The benefits expected to be paid in each of the next five years and in the aggregate for the five years thereafter are set forth below:

Year ended:
 
U.S.
Pension Plans
 
International
Pension Plans
2014
 
$
50

 
$
1

2015
 
46

 
1

2016
 
48

 
1

2017
 
47

 
1

2018
 
50

 
1

2019 - 2023
 
282

 
7


Expected benefits are estimated based on the same assumptions used to measure our benefit obligation on the measurement date and include benefits attributable to estimated future employee service.

Retiree Medical Benefits

Our post-retirement plan provides health care benefits, principally to U.S. salaried retirees and their dependents, and includes retiree cost-sharing provisions.  During 2001, the plan was amended such that any salaried employee hired or rehired by YUM after September 30, 2001 is not eligible to participate in this plan.  Employees hired prior to September 30, 2001 are eligible for benefits if they meet age and service requirements and qualify for retirement benefits.  We fund our post-retirement plan as benefits are paid.

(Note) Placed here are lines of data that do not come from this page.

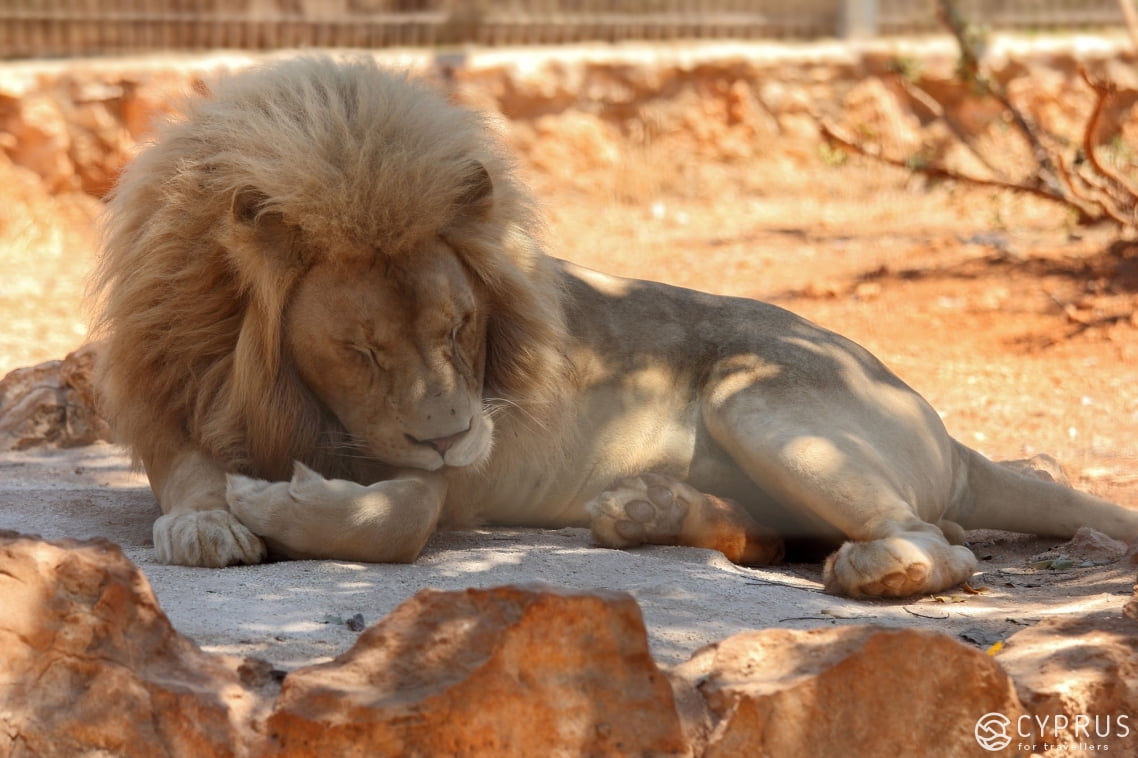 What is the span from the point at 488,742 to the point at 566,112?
31.5 ft

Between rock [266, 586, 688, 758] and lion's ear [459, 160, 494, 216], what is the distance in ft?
4.83

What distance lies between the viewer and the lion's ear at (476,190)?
3783mm

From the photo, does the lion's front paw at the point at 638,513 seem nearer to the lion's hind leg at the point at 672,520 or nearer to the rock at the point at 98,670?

At the end of 2013 and 2012, the accumulated post-retirement benefit obligation was $70 million and $83 million, respectively.  An actuarial gain of $2 million was recognized in Accumulated other comprehensive loss at the end of 2013, and an actuarial loss of $8 million was recognized in Accumulated other comprehensive loss at the end of 2012. The net periodic benefit cost recorded was $5 million in 2013, and was $6 million in both 2012 and 2011, the majority of which is interest cost on the accumulated post-retirement benefit obligation.  The weighted-average assumptions used to determine benefit obligations and net periodic benefit cost for the post-retirement medical plan are identical to those as shown for the U.S. pension plans.  Our assumed heath care cost trend rates for the following year as of 2013 and 2012 are 7.2% and 7.4%, respectively, with expected ultimate trend rates of 4.5% reached in 2028.

There is a cap on our medical liability for certain retirees.  The cap for Medicare-eligible retirees was reached in 2000 and the cap for non-Medicare eligible retirees is expected to be reached in 2014; once the cap is reached, our annual cost per retiree will not increase.  A one-percentage-point increase or decrease in assumed health care cost trend rates would have less than a $1 million impact on total service and interest cost and on the post-retirement benefit obligation.  The benefits expected to be paid in each of the next five years are approximately $6 million and in aggregate for the five years thereafter are $23 million.

Retiree Savings Plan

We sponsor a contributory plan to provide retirement benefits under the provisions of Section 401(k) of the Internal Revenue Code (the “401(k) Plan”) for eligible U.S. salaried and hourly employees.  Participants are able to elect to contribute up to 75% of eligible compensation on a pre-tax basis.  Participants may allocate their contributions to one or any combination of multiple investment options or a self-managed account within the 401(k) Plan.  We match 100% of the participant’s contribution to the 401(k) Plan up to 6% of eligible compensation.  We recognized as compensation expense our total matching contribution of $12 million in 2013, $13 million in 2012 and $14 million in 2011.